- Problem description:
Lines from the line with "75 County Road A, Cambridge, WI 53523" to the line with "Business Analytics avec" in the entries below, and only those, must be output exactly, with both ends included.

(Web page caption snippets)
□ □ □ □
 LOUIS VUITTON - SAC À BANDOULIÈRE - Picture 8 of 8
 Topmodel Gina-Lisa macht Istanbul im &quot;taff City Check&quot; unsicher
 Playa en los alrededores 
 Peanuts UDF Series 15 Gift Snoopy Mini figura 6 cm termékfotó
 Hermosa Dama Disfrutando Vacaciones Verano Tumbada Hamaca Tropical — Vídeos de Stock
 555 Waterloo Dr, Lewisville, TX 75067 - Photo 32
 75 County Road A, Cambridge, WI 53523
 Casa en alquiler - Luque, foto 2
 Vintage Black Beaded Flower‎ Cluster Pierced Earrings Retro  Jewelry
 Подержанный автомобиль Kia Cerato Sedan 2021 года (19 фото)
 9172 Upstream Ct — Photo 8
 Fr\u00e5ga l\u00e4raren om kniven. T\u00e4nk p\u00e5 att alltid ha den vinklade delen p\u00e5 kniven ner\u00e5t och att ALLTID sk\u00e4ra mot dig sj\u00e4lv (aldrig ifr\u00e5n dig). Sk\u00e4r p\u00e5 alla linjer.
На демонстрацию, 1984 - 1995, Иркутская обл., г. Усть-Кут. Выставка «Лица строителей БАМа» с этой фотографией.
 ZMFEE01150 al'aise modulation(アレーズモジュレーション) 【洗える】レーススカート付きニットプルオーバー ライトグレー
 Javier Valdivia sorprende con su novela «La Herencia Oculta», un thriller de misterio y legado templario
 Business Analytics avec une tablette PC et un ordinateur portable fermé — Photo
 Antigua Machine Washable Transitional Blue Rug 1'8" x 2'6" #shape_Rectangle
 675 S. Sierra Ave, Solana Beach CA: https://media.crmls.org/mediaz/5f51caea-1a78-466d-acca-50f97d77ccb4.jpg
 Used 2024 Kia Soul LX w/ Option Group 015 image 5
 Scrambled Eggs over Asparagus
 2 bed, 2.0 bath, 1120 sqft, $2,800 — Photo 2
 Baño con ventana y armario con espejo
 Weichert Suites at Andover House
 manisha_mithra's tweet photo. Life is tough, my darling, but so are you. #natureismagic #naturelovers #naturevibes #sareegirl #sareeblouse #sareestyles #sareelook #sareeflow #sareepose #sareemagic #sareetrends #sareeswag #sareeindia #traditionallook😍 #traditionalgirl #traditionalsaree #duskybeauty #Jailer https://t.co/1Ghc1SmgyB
□ □ □ □
- Exercise response:
 75 County Road A, Cambridge, WI 53523
 Casa en alquiler - Luque, foto 2
 Vintage Black Beaded Flower‎ Cluster Pierced Earrings Retro  Jewelry
 Подержанный автомобиль Kia Cerato Sedan 2021 года (19 фото)
 9172 Upstream Ct — Photo 8
 Fr\u00e5ga l\u00e4raren om kniven. T\u00e4nk p\u00e5 att alltid ha den vinklade delen p\u00e5 kniven ner\u00e5t och att ALLTID sk\u00e4ra mot dig sj\u00e4lv (aldrig ifr\u00e5n dig). Sk\u00e4r p\u00e5 alla linjer.
На демонстрацию, 1984 - 1995, Иркутская обл., г. Усть-Кут. Выставка «Лица строителей БАМа» с этой фотографией.
 ZMFEE01150 al'aise modulation(アレーズモジュレーション) 【洗える】レーススカート付きニットプルオーバー ライトグレー
 Javier Valdivia sorprende con su novela «La Herencia Oculta», un thriller de misterio y legado templario
 Business Analytics avec une tablette PC et un ordinateur portable fermé — Photo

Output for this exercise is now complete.